Web page caption snippets:
▽

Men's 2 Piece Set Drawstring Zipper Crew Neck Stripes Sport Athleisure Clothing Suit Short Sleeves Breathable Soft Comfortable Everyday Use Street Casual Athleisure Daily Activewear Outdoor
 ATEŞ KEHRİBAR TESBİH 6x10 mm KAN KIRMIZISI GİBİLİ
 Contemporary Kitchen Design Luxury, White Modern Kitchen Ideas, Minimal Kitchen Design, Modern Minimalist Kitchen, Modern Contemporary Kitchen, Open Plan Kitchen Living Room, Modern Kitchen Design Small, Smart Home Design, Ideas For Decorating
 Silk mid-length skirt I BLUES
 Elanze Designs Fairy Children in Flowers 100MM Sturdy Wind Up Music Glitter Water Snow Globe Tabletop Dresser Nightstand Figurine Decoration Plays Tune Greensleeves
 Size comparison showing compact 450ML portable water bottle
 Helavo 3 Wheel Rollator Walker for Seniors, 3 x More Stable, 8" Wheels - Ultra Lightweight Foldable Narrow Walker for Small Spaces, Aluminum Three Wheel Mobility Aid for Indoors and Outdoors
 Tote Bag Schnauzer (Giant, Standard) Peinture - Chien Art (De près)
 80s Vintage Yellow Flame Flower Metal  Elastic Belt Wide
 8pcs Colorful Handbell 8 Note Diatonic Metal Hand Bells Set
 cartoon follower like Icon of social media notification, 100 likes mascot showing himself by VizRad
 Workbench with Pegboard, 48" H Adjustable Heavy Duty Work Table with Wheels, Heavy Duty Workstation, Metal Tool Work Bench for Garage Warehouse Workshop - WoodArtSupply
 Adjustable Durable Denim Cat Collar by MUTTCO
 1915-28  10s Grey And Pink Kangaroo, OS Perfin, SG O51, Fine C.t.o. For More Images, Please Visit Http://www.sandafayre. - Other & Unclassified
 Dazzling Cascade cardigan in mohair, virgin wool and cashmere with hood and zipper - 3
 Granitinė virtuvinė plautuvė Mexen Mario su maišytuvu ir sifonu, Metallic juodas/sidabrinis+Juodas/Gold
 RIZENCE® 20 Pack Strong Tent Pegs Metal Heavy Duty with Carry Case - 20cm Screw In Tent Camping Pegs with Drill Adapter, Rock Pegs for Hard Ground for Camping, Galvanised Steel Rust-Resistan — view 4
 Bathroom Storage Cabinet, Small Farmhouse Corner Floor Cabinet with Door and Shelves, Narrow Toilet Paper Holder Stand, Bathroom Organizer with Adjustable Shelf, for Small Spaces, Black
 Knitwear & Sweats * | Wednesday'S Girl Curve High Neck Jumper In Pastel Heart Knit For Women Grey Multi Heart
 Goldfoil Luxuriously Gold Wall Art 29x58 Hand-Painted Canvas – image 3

△

WHAT TO WORK ON -
Count the lines of the data that include the string "Gold", and give only that number.

SOLUTION -
2